Presentation
Seizure and visual field loss.
Patient Data
In the left occipital and parietal lobe a heterogeneous mass with calcification and enhancing and cystic components is present with surrounding edema.
Prominent senescent basal ganglia calcification is noted incidentally.
A heterogeneous mass in the left parieto-occipital region with prominent hemosiderin staining and calcium (better seen on CT) has enhancing components as well as cystic components. Intrinsic T1 signal hyperintensity is in keeping with subacute blood.

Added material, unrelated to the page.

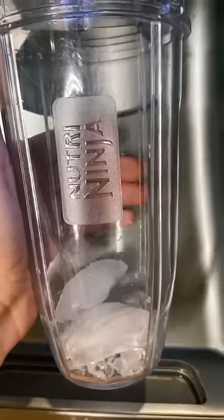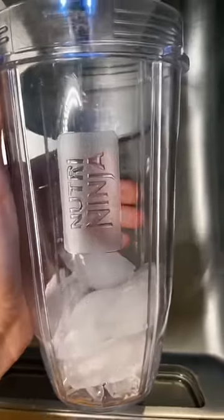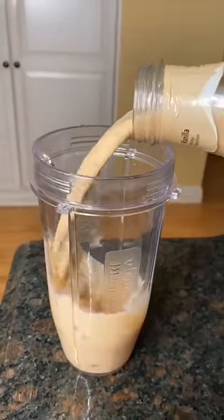So apparently we've been drinking these wrong. The reason it says frappuccino is because we're actually supposed to turn it into a frappuccino. You can either freeze it or blend it with ice. I just can't believe I'm just now hearing about this.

The rCBV map is impossible to interpret given the amount of T2* effect from hemosiderin and calcification. Similarly, ADC values are difficult to interpret especially as the solid enhancing component is stretched into septae rather than nodular and coated in hemosiderin.
Conclusion
This is an unusual-appearing mass, most likely representing a tumor rather than a very large unusual cavernous malformation; the amount of enhancing tissue is excessive. It most likely represents a primary brain tumor and although a glioblastoma could have this appearance the prominence of calcification, blood and lack of convincing infiltrating component raises the possibility of alternative diagnoses e.g. supratentorial ependymoma, pilocytic astrocytoma, parenchymal neurocytoma etc...
Case Discussion
The patient went on to have a resection.
Histology
The sections show brain parenchyma with necrosis, calcification, cholesterol deposition and inflammation associated with a gliofibrillary neoplasm. The neoplastic cells have round-to-oval nuclei, speckled chromatin and granular eosinophilic cytoplasm. There is abundant pigmentation. Perivascular pseudo-rosettes are present. Some tumor cells have pleomorphic nuclei. There is necrosis present. The mitotic count is 1 per 10 HPF.
Immunohistochemistry
The tumor cells are GFAP positive. They show perinuclear dot-like staining with EMA.
Final diagnosis
Supratentorial ependymoma (WHO Grade 3).